═══ Data records

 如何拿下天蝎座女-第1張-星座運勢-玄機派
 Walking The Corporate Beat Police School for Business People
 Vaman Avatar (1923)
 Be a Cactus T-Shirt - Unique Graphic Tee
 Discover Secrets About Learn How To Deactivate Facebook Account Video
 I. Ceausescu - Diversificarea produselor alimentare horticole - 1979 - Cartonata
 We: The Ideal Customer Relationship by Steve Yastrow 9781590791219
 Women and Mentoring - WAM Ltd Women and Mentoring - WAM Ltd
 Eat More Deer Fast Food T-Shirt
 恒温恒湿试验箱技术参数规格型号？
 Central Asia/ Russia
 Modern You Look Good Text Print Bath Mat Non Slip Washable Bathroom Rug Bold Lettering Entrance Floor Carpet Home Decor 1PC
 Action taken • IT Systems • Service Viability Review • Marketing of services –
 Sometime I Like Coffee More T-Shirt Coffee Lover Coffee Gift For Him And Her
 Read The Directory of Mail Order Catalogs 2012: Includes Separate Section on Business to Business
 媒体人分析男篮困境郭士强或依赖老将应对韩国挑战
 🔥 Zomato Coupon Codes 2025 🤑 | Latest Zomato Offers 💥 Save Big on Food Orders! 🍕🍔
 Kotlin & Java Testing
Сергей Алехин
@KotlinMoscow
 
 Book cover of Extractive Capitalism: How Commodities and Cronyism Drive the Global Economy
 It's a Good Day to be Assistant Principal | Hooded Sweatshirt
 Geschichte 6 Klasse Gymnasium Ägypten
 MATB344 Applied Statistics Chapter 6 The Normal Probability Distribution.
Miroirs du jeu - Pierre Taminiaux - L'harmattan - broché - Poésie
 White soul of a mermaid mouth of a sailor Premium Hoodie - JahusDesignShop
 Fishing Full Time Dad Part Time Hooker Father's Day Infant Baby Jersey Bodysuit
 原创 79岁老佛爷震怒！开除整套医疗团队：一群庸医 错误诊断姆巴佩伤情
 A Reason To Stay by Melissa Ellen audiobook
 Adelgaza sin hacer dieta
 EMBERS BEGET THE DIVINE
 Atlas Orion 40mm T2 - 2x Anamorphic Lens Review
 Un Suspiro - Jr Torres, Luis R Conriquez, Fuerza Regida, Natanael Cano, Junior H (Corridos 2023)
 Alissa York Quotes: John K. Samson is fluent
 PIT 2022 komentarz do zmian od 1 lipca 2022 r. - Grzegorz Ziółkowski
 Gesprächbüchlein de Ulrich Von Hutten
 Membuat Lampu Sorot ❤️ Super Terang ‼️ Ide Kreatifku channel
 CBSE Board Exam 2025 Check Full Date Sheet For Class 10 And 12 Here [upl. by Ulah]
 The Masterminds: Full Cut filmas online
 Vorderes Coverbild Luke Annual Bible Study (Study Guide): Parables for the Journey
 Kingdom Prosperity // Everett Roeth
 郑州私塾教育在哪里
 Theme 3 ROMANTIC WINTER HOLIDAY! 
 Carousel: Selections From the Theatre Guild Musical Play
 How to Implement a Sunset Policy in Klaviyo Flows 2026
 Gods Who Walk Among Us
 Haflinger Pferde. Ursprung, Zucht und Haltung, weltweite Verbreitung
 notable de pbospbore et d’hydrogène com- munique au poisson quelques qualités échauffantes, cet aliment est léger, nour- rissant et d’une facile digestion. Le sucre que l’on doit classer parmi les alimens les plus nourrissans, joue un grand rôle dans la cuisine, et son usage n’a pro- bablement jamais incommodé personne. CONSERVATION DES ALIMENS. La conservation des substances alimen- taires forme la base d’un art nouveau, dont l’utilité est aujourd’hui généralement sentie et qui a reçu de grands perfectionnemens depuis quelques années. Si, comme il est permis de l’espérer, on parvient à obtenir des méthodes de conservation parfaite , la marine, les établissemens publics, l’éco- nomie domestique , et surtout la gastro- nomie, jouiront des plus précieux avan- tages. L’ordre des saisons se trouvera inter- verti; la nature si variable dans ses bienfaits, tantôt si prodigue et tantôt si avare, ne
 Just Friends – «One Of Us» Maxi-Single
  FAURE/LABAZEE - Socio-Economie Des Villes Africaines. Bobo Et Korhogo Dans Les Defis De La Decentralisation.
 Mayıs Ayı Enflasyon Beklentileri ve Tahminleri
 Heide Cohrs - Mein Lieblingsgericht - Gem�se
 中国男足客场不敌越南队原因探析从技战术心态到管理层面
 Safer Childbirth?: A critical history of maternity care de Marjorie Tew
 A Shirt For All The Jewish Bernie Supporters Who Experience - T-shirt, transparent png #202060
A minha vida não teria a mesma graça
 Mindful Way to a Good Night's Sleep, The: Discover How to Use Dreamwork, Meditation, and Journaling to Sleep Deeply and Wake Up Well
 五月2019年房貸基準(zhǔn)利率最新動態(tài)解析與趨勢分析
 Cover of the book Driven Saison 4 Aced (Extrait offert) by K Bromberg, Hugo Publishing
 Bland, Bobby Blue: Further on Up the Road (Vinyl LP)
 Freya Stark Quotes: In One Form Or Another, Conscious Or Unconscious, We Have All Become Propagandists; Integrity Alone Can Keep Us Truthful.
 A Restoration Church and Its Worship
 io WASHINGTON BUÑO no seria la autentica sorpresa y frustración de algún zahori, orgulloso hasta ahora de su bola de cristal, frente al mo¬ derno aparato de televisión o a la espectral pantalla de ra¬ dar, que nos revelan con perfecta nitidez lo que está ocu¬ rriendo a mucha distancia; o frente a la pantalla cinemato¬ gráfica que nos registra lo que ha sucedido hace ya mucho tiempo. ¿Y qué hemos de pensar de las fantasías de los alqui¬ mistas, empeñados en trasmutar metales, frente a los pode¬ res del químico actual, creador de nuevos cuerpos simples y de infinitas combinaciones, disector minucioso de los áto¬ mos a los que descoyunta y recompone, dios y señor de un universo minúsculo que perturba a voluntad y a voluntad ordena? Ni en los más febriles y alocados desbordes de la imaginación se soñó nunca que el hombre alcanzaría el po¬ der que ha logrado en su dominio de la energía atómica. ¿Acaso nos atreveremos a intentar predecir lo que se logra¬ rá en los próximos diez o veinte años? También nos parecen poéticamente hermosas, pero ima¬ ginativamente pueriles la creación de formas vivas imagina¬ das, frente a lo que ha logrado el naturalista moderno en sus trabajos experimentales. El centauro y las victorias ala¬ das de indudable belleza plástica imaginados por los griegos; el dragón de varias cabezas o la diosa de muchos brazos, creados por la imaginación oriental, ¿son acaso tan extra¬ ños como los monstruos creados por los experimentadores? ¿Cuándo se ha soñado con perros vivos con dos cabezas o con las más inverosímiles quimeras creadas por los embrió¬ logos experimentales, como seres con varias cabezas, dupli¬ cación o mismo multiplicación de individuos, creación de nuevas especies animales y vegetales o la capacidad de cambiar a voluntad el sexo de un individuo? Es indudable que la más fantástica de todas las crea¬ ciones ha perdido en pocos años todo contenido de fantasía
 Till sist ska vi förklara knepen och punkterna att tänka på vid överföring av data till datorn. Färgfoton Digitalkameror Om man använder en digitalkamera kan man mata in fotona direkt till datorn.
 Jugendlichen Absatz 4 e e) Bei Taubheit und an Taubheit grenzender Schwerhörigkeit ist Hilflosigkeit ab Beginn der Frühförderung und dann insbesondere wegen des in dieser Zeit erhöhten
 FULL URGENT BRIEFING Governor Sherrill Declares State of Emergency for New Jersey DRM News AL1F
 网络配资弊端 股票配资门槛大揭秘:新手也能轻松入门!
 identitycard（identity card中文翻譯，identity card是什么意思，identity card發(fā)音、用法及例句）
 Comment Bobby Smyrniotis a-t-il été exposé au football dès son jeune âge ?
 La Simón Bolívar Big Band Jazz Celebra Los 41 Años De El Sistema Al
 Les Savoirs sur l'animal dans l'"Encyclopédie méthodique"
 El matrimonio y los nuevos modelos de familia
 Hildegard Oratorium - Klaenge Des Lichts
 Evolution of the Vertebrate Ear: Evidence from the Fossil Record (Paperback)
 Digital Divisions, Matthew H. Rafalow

══════

• [Your goal] In the records above, each line with the string "Jersey" should be copied.

• [Completed task]
 Fishing Full Time Dad Part Time Hooker Father's Day Infant Baby Jersey Bodysuit
 FULL URGENT BRIEFING Governor Sherrill Declares State of Emergency for New Jersey DRM News AL1F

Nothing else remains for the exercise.